En el edificio de la Escuela Normal de Magisterio,
ocupábamos alas distintas y poco o nada
sabíamos de lo que ocurría al otro lado
de nuestro “telón de acero”, porque lo único común que compartíamos era la
escalinata y la puerta de entrada. Creo que también el profesorado. Difícil de
entender en una época en la que, en todas las facultades y escuelas
universitarias, la enseñanza era mixta. Tampoco entendí nunca lo de “escuela
normal” porque no era una escuela y lo
de normal… ¿Habría escuelas anormales?
Fue un encuentro gratificante. En muchos casos nos vimos
compañeros desconectados desde hacía cincuenta años y que, pese a mantener por
entonces una relación casi fraternal, habíamos distanciado nuestras vidas,
porque la distancia, si no es olvido, se le parece mucho. Algunos no asistieron
al encuentro, que en la “promoción de oro”
no es oro todo lo que reluce y los setenta que rondamos todos, tienen sus
exigencias. Una docena fallecieron y nos
enteramos ayer, durante el recuento, porque al concluir nuestra carrera, el
viento de la dispersión nos sopló hacia a mundos diferentes.
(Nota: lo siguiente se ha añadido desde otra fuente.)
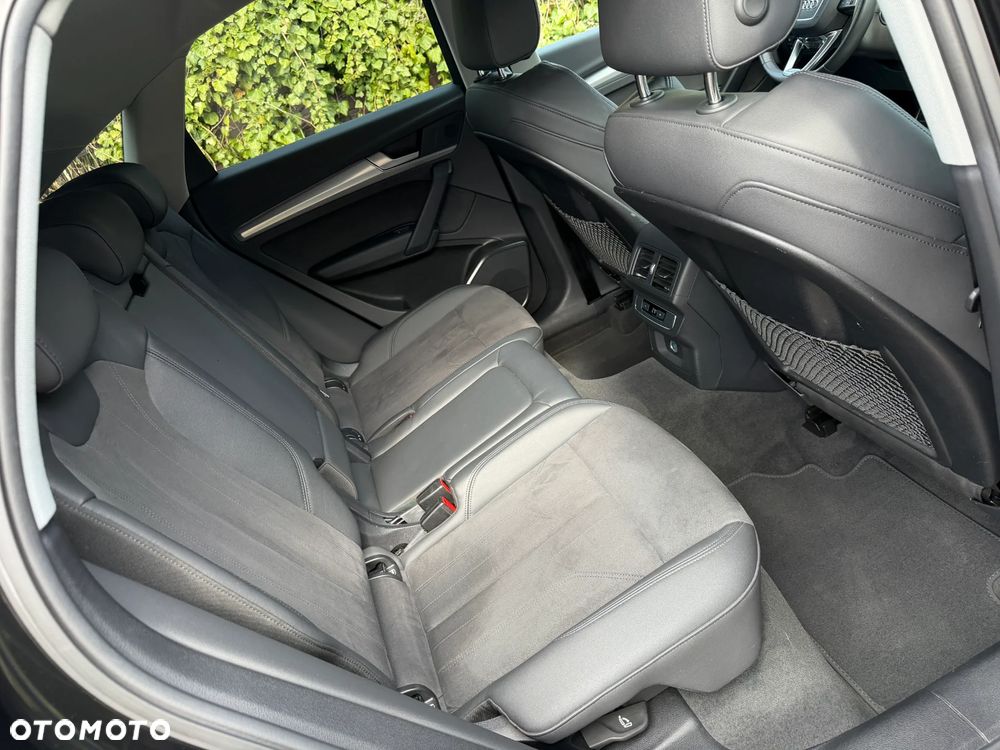 Audi Q5 Sportback 50 TFSI e Quattro Advanced S tronic - 34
Tampoco pudimos invitar a ningún profesor, la mayoría ya no están y los que están tampoco
tienen ánimo de celebraciones. Pero los recordamos a todos, a los buenos, a los
regulares, a los indiferentes e incluso a los malos, que de todo tuvimos y
alguno “de marías”, nos dejó el ejemplo de lo que nunca debíamos ser como
maestros. Otros, la mayoría, nos marcaron, nos enseñaron y nos han guiado
durante todos estos años. Como maestros y como personas.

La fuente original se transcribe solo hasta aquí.